## [Extracted data entries]
· · · ·

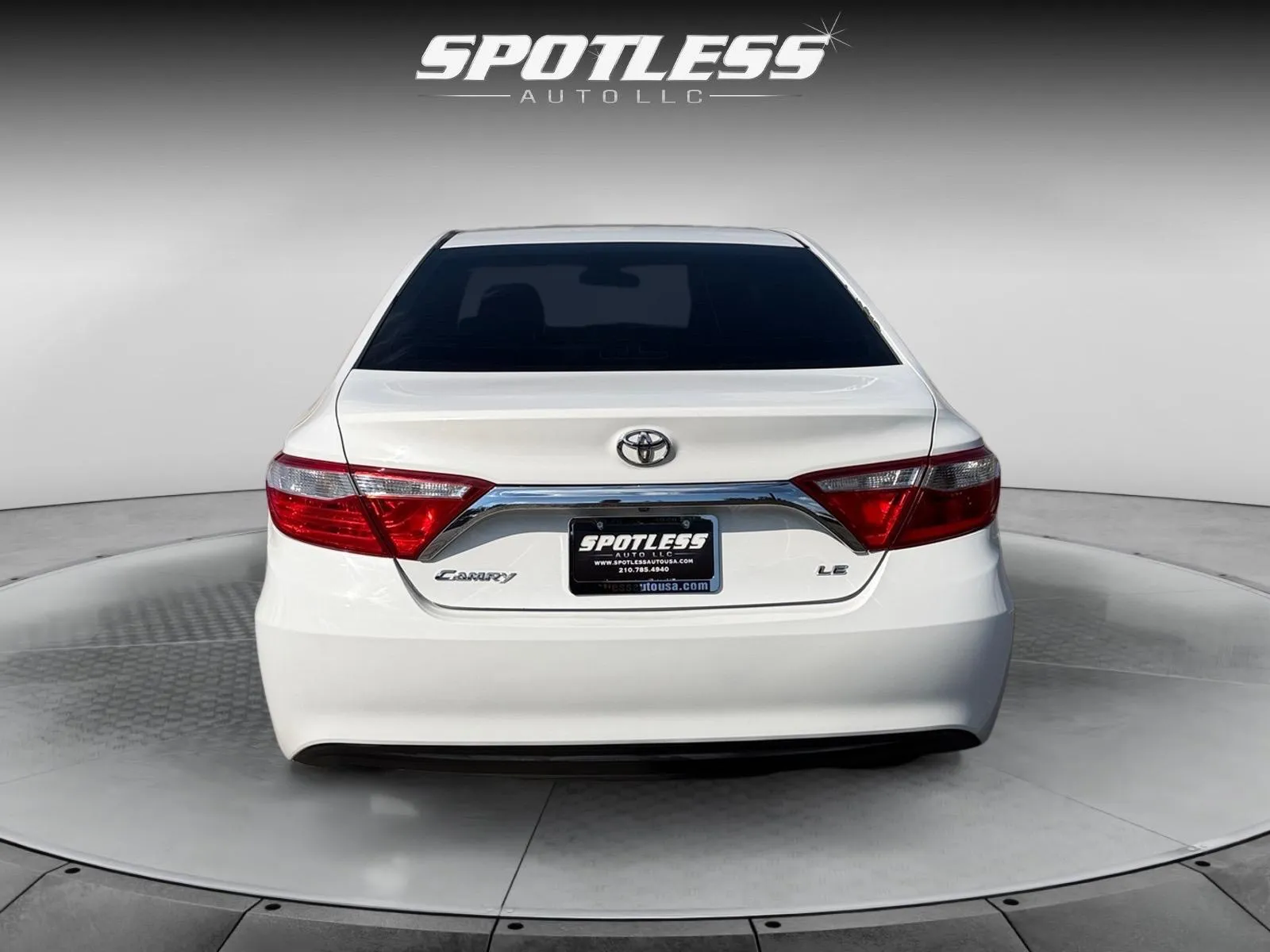 Toyota Camry photo 6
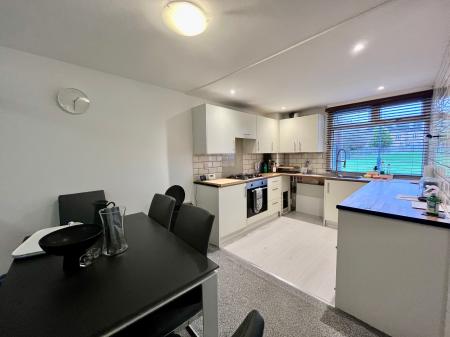 3 bedroom Semi-detached house to let in Chesters Avenue, Longbenton, Newcastle upon Tyne, NE12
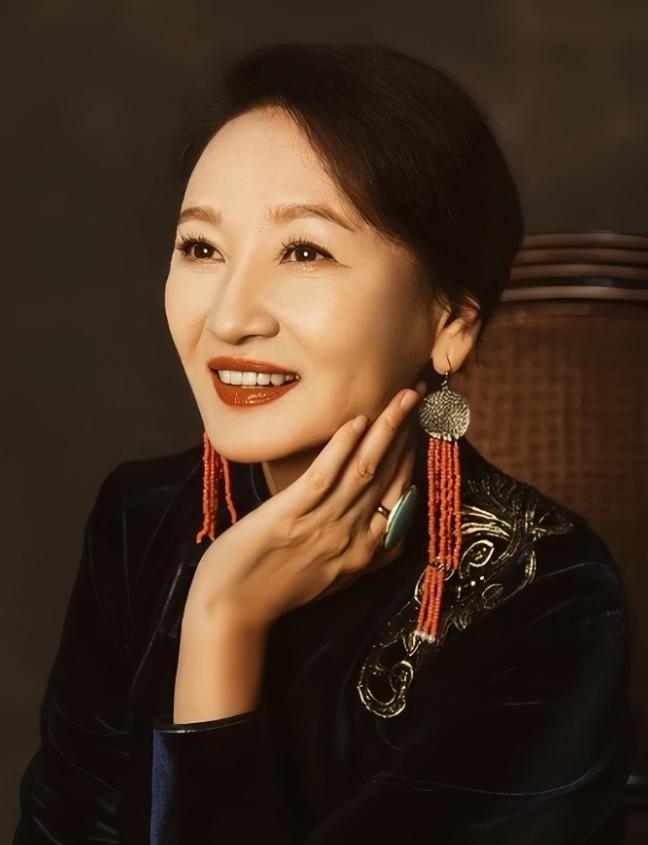 《正阳门下》李媛:苏萌的闺蜜,春晚演员,整部剧的亮点 在《正阳门下》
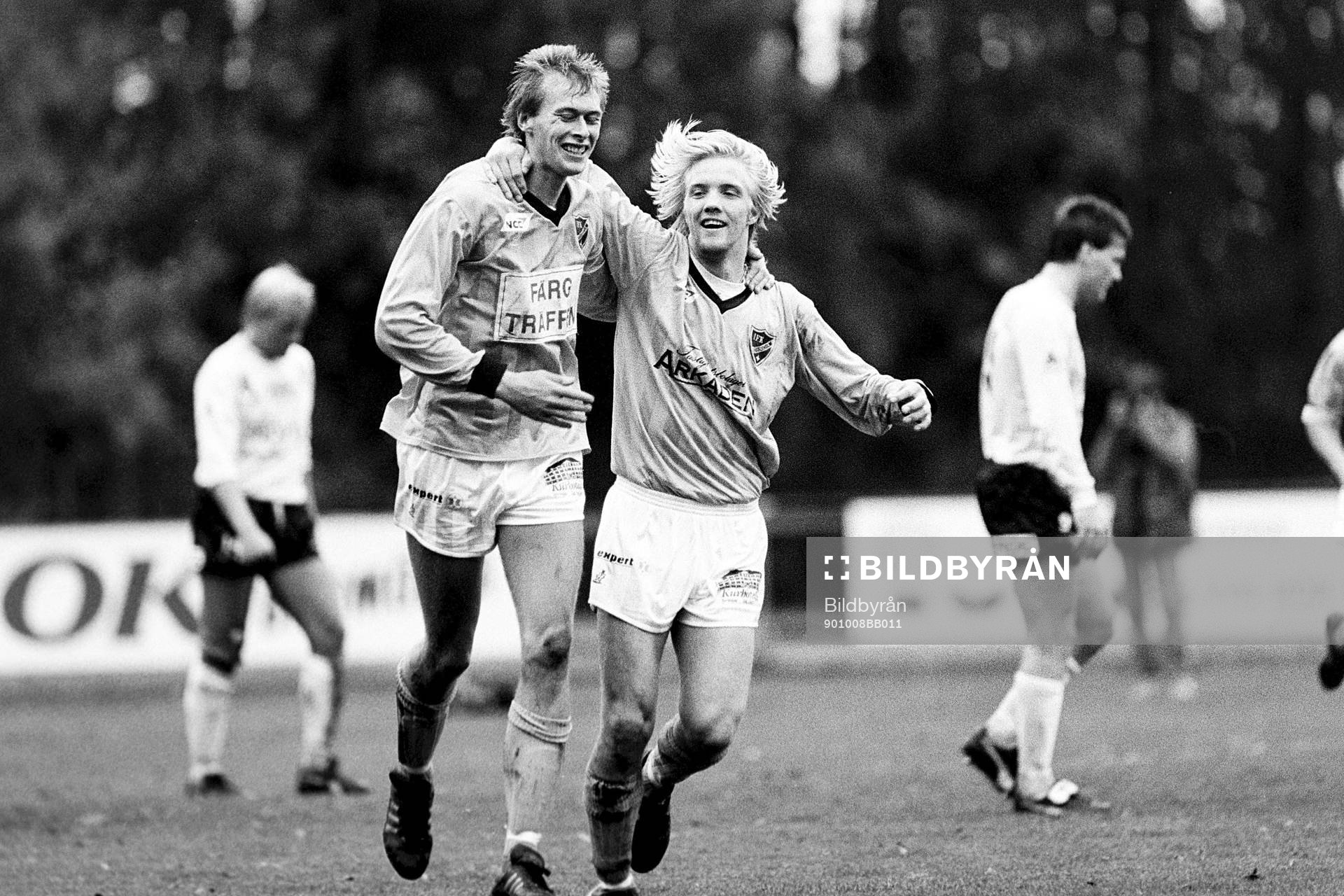 Fotboll, Div 2 Södra, Bromölla - IFK Hässleholm, 1-4: Peter Olsson och Percy Olsson, Hässleholm jublar efter mål.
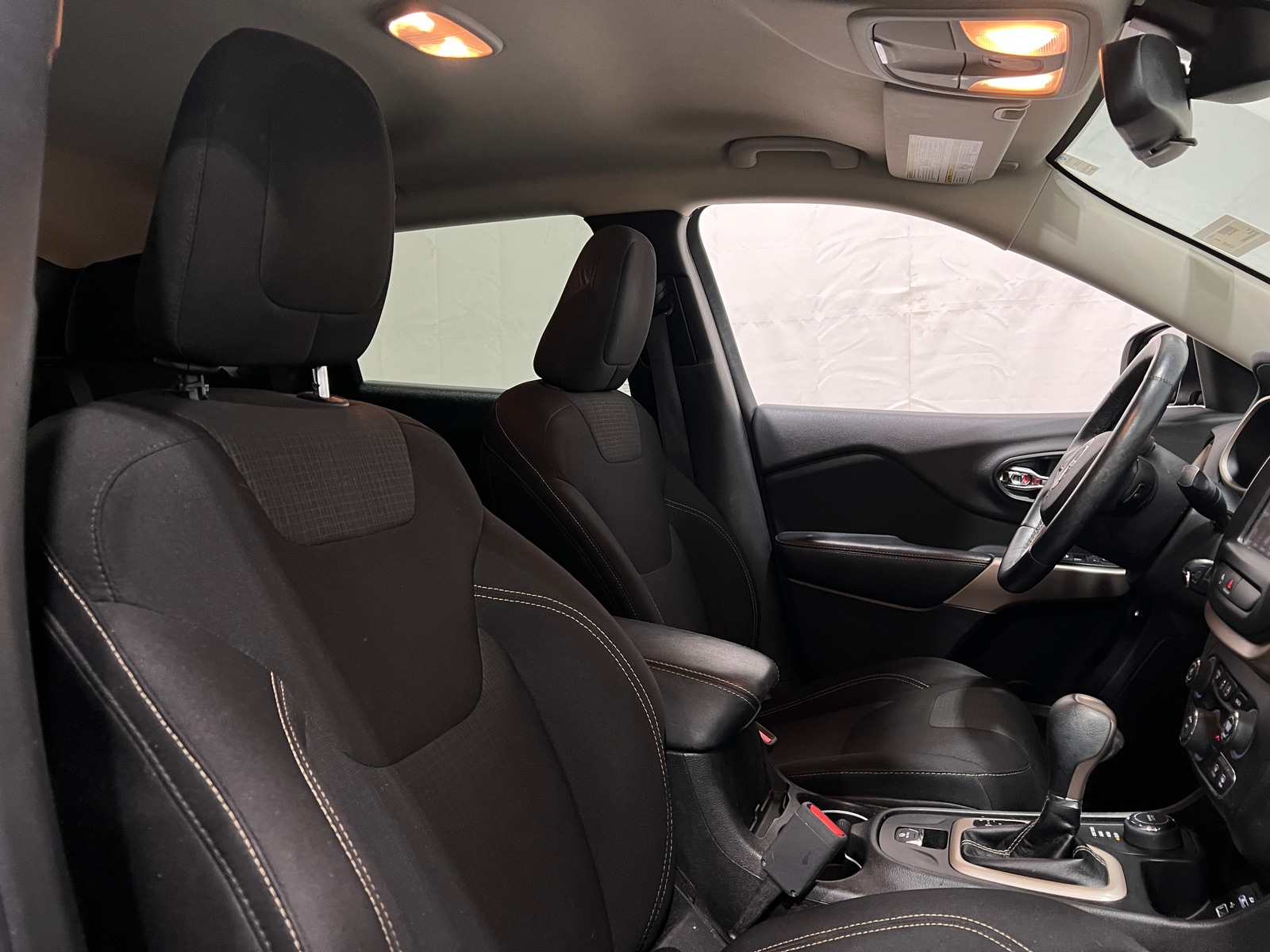 Thumbnail: 2017 Jeep Cherokee - 2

· · · ·

Leave out the pictures and repeat the remaining data exactly.

 Toyota Camry photo 6
 3 bedroom Semi-detached house to let in Chesters Avenue, Longbenton, Newcastle upon Tyne, NE12
 《正阳门下》李媛:苏萌的闺蜜,春晚演员,整部剧的亮点 在《正阳门下》
 Fotboll, Div 2 Södra, Bromölla - IFK Hässleholm, 1-4: Peter Olsson och Percy Olsson, Hässleholm jublar efter mål.
 Thumbnail: 2017 Jeep Cherokee - 2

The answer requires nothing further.